At a historic 1977 Pan-Africanist festival in Lagos, Nigeria, Marilyn Nance documented a moment of intense collision, collectivity, and euphoria.

Marilyn Nance
Al and Ali, 1981

Biography

Marilyn Nance spent her childhood learning about her family through photographs. She received her first camera as a gift at age eight. Her formative years took place in the 1960s amid the backdrop of the civil rights and Black Arts movements.

From 1971 to 1972, she studied journalism at New York University. Upon enrolling at the Pratt Institute, she became increasingly aware of the lack of Black photojournalists working at major news publications. In the following years, she took freelance photographs for the Village Voice. In 1977, while still a student at Pratt, she applied to show her photography at the Second World Black and African Festival of Arts and Culture (FESTAC) in Lagos, Nigeria.
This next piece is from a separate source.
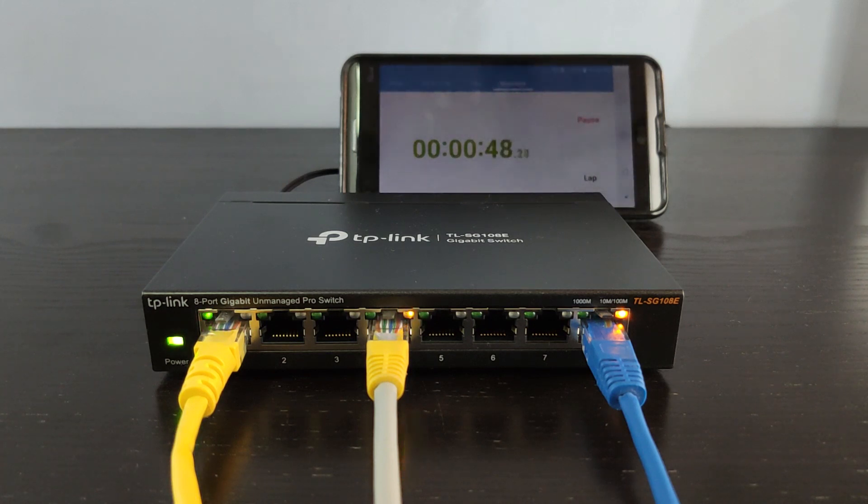Thank you for watching and please stay tuned for the next video, in which we are going to walk through the switch control panel and the GUI.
Due to budget cuts, she was unable to present her work and instead traveled to the festival as a photo technician.


At twenty-three years old, Nance documented the month-long FESTAC event through over fifteen hundred images. She was part of a delegation of over four hundred African Americans who traveled to Lagos together in what she called a “symbolic reversal of the transatlantic slave trade.”[1] She created one of the largest photographic records of the event, studying the celebration of Pan-Africanism and creation of community across national lines. The experience affirmed her commitment to the aims of the Black Arts movement. She went on to cover subjects such as anti-apartheid rallies in New York and Black spiritual cultures across the United States, and completed a residency at the Studio Museum from 1993 to 1994. She has pioneered digital spaces and storytelling practices, developing an Ifa divination web application and supporting a web-based project at the Schomburg Center for Research in Black Culture.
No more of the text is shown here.